Raw data Start Marker

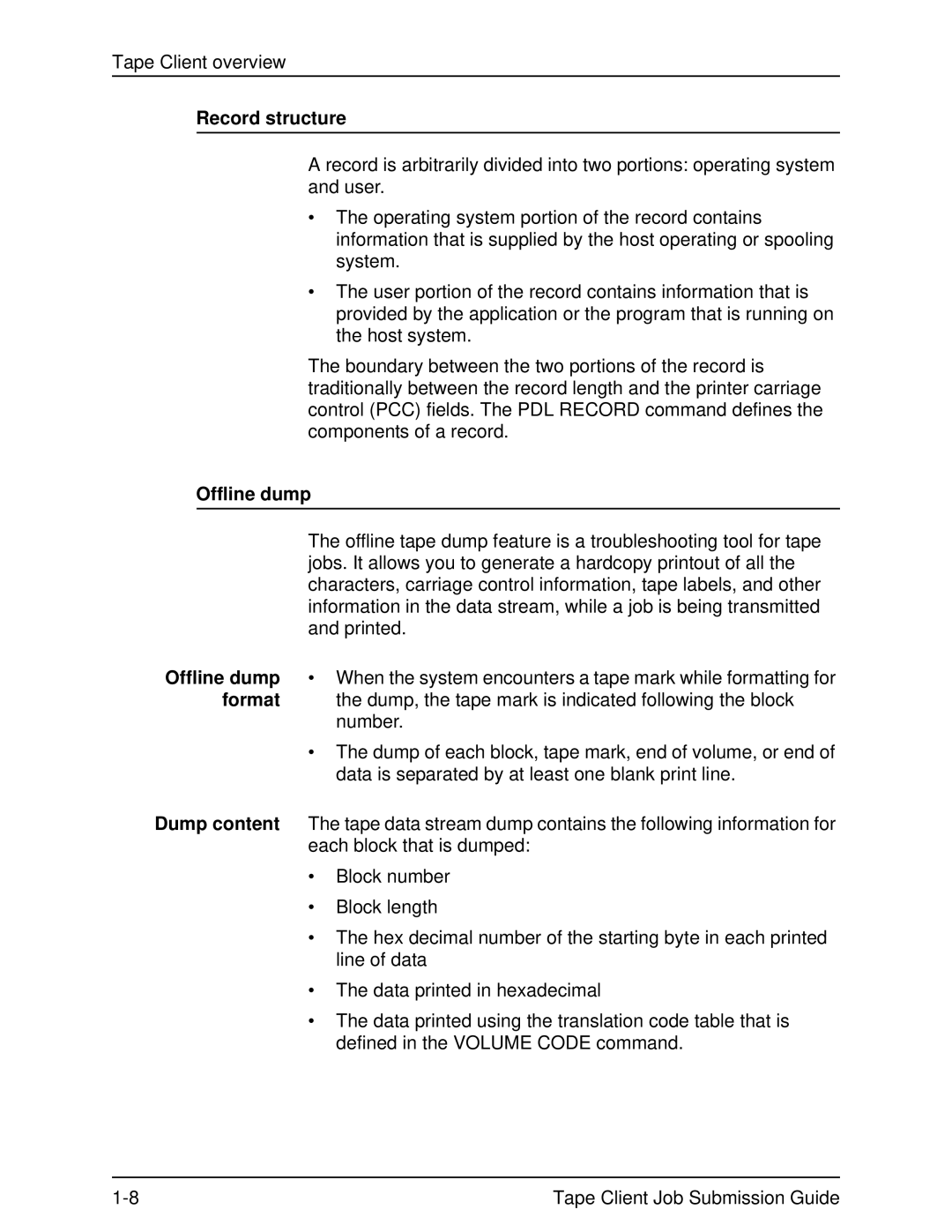 Xerox 2000 SERIES EPS manual Record structure, Offline dump, Format 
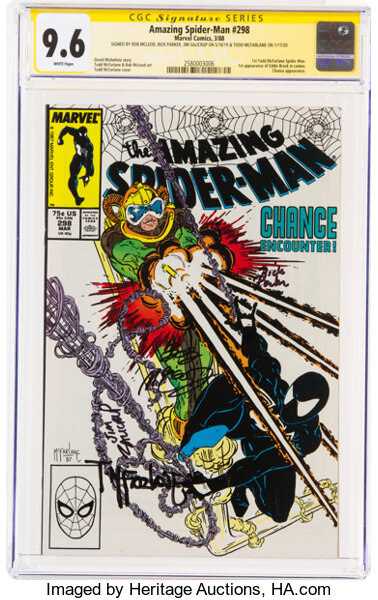 Modern Age (1980-Present):Superhero, The Amazing Spider-Man #298 Signature Series: Todd McFarlane and Others (Marvel, 1988) CGC NM+ 9.6 White pages....
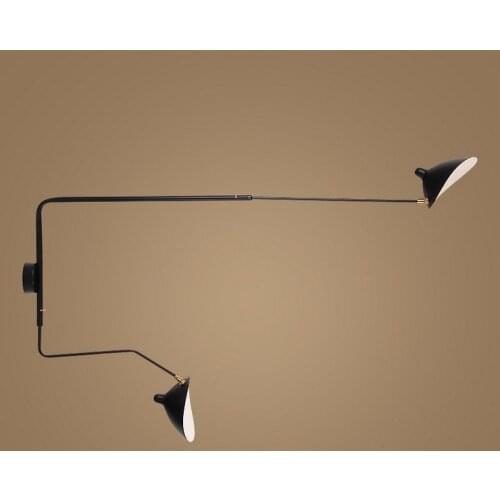 Retro Vintage Rotating Wall Lamp Vintage Loft Industrial Reading Lamp Black Metal Wall Sconce Light Luminaire Long Arm Home Deco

Raw data End Marker

### Exercise details
Restate each line above exactly, keeping pictures out.

### Solution to this problem
 Xerox 2000 SERIES EPS manual Record structure, Offline dump, Format 
 Modern Age (1980-Present):Superhero, The Amazing Spider-Man #298 Signature Series: Todd McFarlane and Others (Marvel, 1988) CGC NM+ 9.6 White pages....
 Retro Vintage Rotating Wall Lamp Vintage Loft Industrial Reading Lamp Black Metal Wall Sconce Light Luminaire Long Arm Home Deco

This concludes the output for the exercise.